Journaliste à La Presse en 1954, Fernande Saint-Martin y modernise les pages féminines en valorisant systématiquement les femmes actives. D’octobre 1960 à mars 1973, elle est rédactrice en chef du nouveau magazine Châtelaine. Directrice du Musée d’art contemporain de Montréal de 1972 à 1977, cette docteure ès lettres devient par la suite professeure d’histoire de l’art à l’Université Laval, puis à l’Université du Québec à Montréal (1979-1996). Critique d’art et de poésie, elle cofonde la revue Situations et collabore à de nombreuses revues d’art. Elle a publié plusieurs ouvrages, notamment La littérature et le non-verbal (1958) et Sémiologie du langage visuel (1987). Officière de l’Ordre du Canada, membre de l’Académie des lettres du Québec, lauréate du prix Molson, elle a reçu un grand nombre de distinctions.

Tout en poursuivant sa carrière, Fernande Saint-Martin intervient dans l’espace public pour défendre l’autonomie des femmes. Son importance sur la scène intellectuelle est en grande partie liée à la revue Châtelaine. Sous sa direction, le magazine s’avère une tribune exceptionnelle pour les femmes. Féministe, Fernande Saint-Martin considère indispensable que les femmes se regroupent pour devenir des citoyennes à part entière à une époque où beaucoup d’injustices existent encore sur le plan légal. Elle voit dans leur nombre le principal pouvoir des femmes à la recherche de l’égalité économique, de l’accès à la formation et de la reconnaissance publique. Sa réflexion sur les besoins des Québécoises préside à l’orientation, féministe et libérale, de ce magazine qui se révèle différent des revues féministes classiques et dont l’objectif, pendant la Révolution tranquille, est de reconstruire le Québec avec les femmes. L’éditorialiste se trouve au coeur des batailles pour la gratuité scolaire, la régulation des naissances, la réforme du Code civil du Québec et la révision des régimes matrimoniaux.
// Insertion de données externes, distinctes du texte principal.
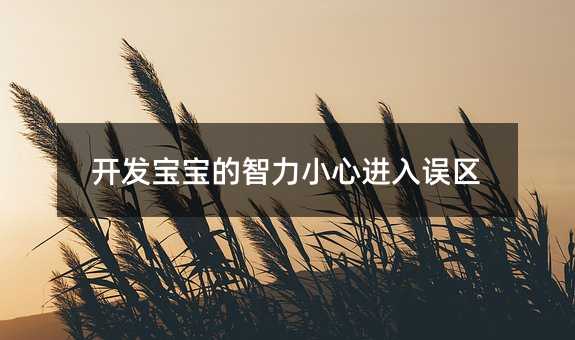 開發(fā)寶寶的智力小心進(jìn)入誤區(qū)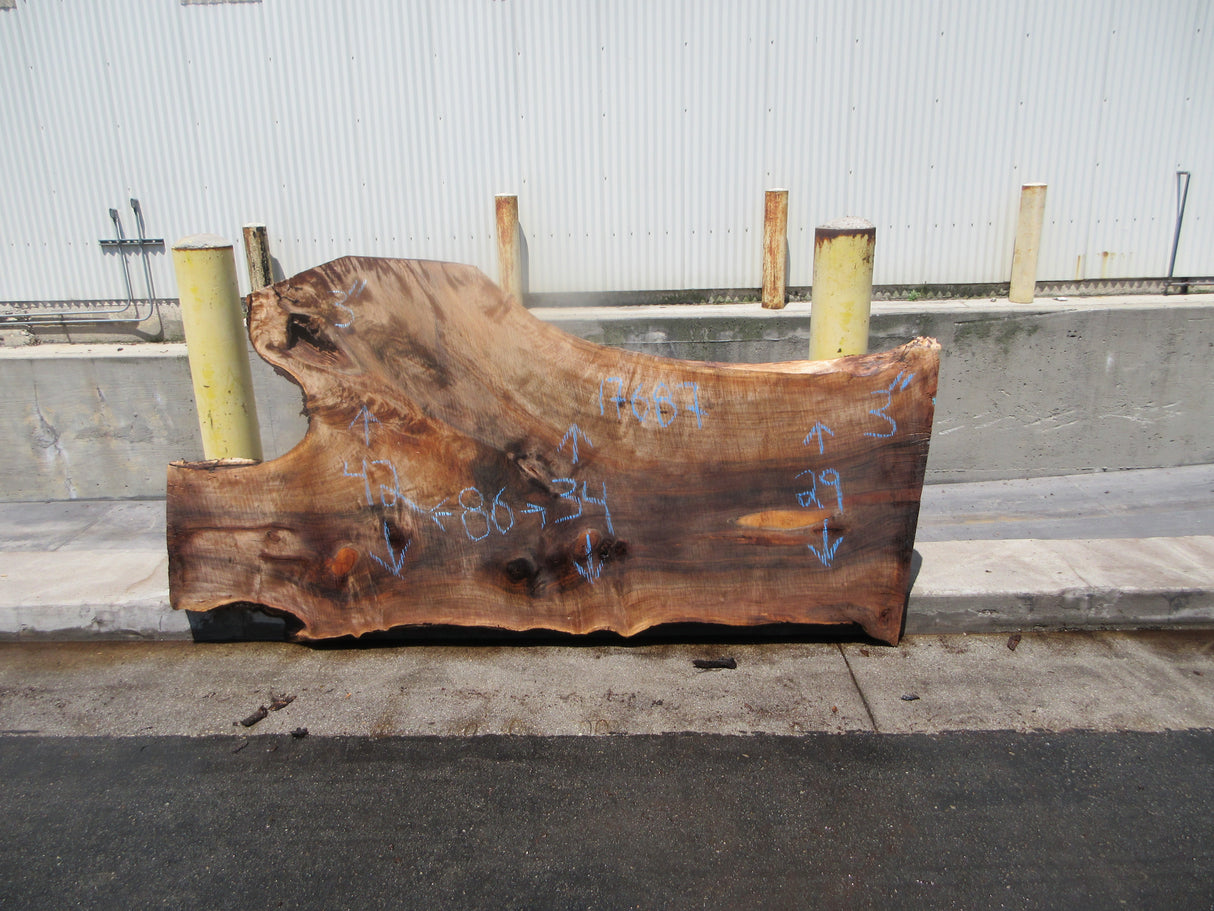Claro Walnut Slab #17687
Les idées avant-gardistes de Fernande Saint-Martin orientent les choix de Châtelaine qui promeut, dès les années 60, cette littérature qui devient « québécoise ».

Dans la lignée des Françoise/Robertine Barry et des Madeleine Huguenin, Fernande Saint-Martin s’est montrée une intellectuelle résolue qui a tout mis en oeuvre pour que les femmes accèdent à plus d’instruction et qu’elles occupent leur place dans la société. Châtelaine aura été, avant la lettre, « le cégep des femmes ».

L’Académie des lettres du Québec et la Fondation Guido Molinari ont organisé, le 15 février 2020, une rencontre au cours de laquelle chercheuses et chercheurs, de même qu’artistes qui ont connu Fernande Saint-Martin, ont pu lui rendre un dernier « hommage ». Cela m’a permis de revenir sur ces années où, dans le contexte de ma thèse sur Châtelaine (1960-1975), j’ai eu le plaisir de découvrir cette femme extraordinaire et d’avoir des échanges avec elle.